Porsche Mission R First Drive: Proof Electric GT Race Cars Won't Suck
This Mission R concept previews one way Porsche’s GT racing future could look.0:00 / 0:00
A week before Porsche let us behind the wheel of its Mission R race car concept, it mandated we partake in "high-voltage" training via video conference with the company's engineering team in Germany. The gist of the 40-minute call: green lights good, red lights bad. If the relevant red lights illuminate inside the cockpit, stay in the seat and wait for help. If you're outside the car and see red glowing from the dash or the roof-mounted module, hang back and don't touch the Mission R. The exception: In the "unlikely event" (the team's words) the steering-wheel display goes full DEFCON red to indicate a disastrous thermal meltdown occurring in the battery pack, stop immediately, undo your safety harness, get out, and run away, hopefully before the car is reduced to a spectacular multimillion-dollar fireball. (Porsche values the Mission R at something like $10 million, because this is a one-off concept, and automaker bean counters tend to assign astronomical figures to such things, just like they do production-development mules.)
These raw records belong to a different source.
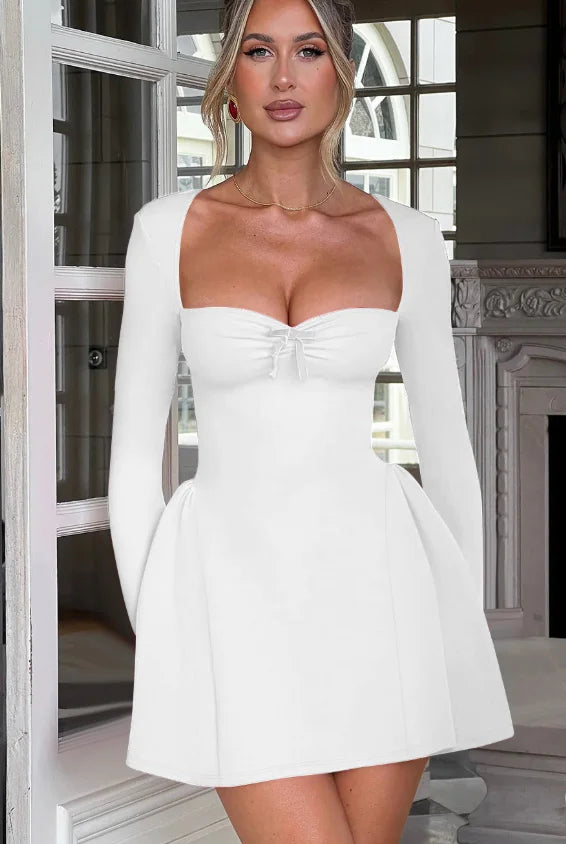 New Fashion 8 Colors Autumn Spring  Sexy Elegant Long Sleeves Evening Party Night Clubwear  Ruched Women Clothes Solid Mini Dresses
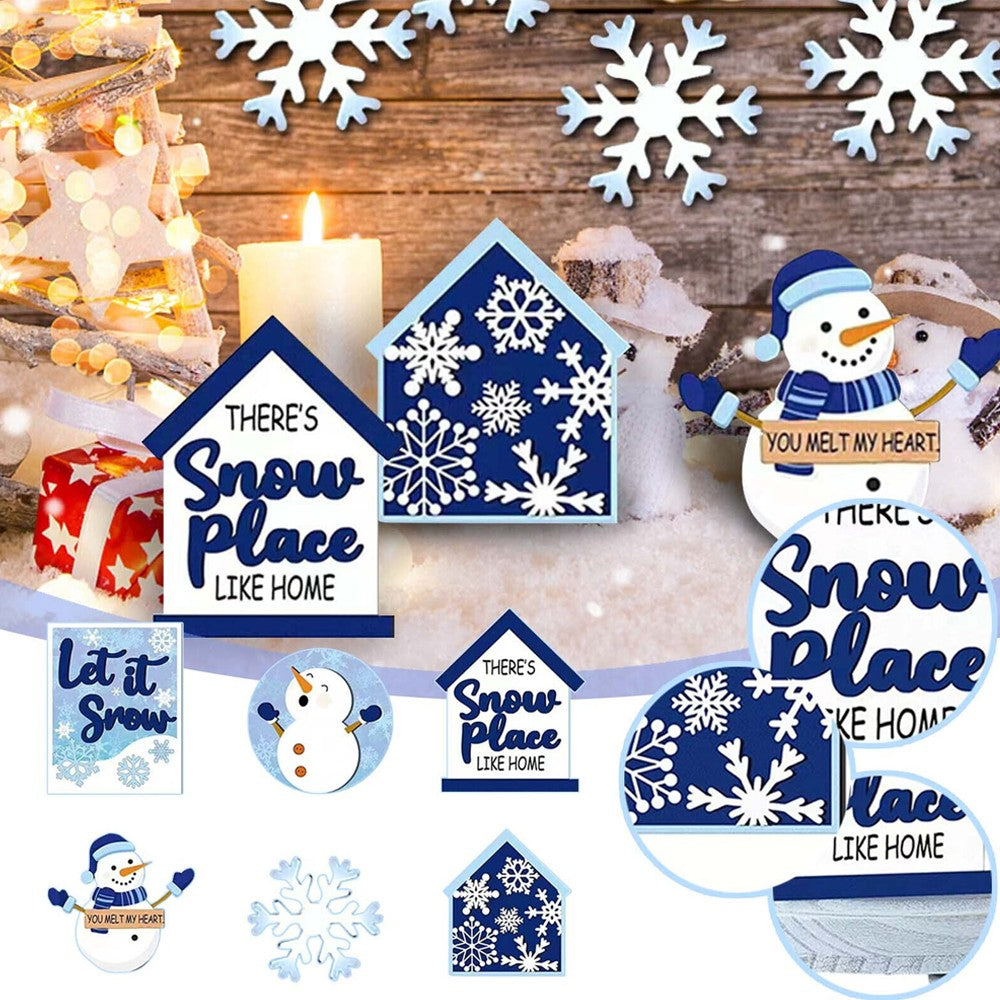 1 X 6-Piece Christmas Tiered Tray Decorations Set Tabletop Farmhouse Signs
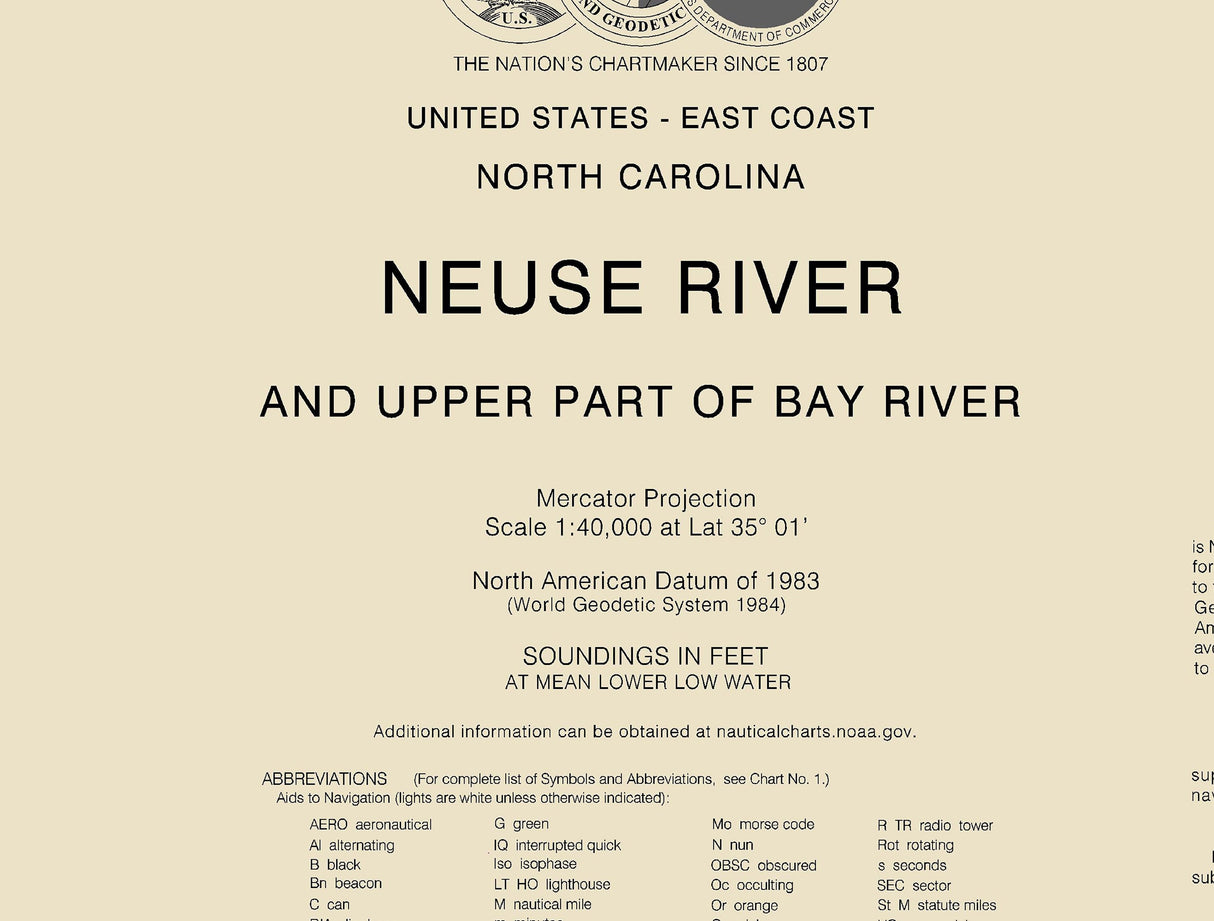 2022 Nautical Chart of the Neuse River North Carolina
Receiving these instructions reminded me of a time more than a decade ago when I took a back-seat ride in an aerobatic plane as part of a Red Bull Air Race promotion. As a stranger strapped a parachute to my body, the pilot said something like, "This is never going to happen, but if it does and you hear me say, 'Eject!' three times, undo your belts, stand up, jump out, wait five seconds, and pull that ripcord. If you're still in the plane after the third 'eject,' don't look for me, because I won't be."
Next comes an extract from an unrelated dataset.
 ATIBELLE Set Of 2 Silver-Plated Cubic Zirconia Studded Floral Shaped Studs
Reviewing safety protocols is SOP whenever you're about to drive a race car for the first time. Taking care to avoid coming out looking like Freddy Kruger, however, is for most people a new experience about as familiar as hearing tips on how to best execute a parachute punch-out at 5,000 feet. Likely sooner than later, though, it will be more common in racing series this side of already-hybridized Formula 1 cars and the all-electric machines campaigned by professional drivers in the Formula E and Extreme E racing categories.
What Is It?
Porsche isn't beyond building concept cars it has zero intention of bringing to fruition in some form or another, and you shouldn't expect to see a field of Mission Rs on racetracks any time soon, if even by decade's end, at least not in this exact form. (More on that in a bit.) The company's first intention with the car was to present a compelling vehicle during September's Munich auto show. You could say, "Mission R-complished," if you've wanted to see an eye-grabbing example of what electrically propelled GT racing might one day look like. A team of about 30 people—a mixture from Porsche's concepts group, styling department, and motorsports operation—turned the concept into a running prototype on a relatively short timeline of about nine months.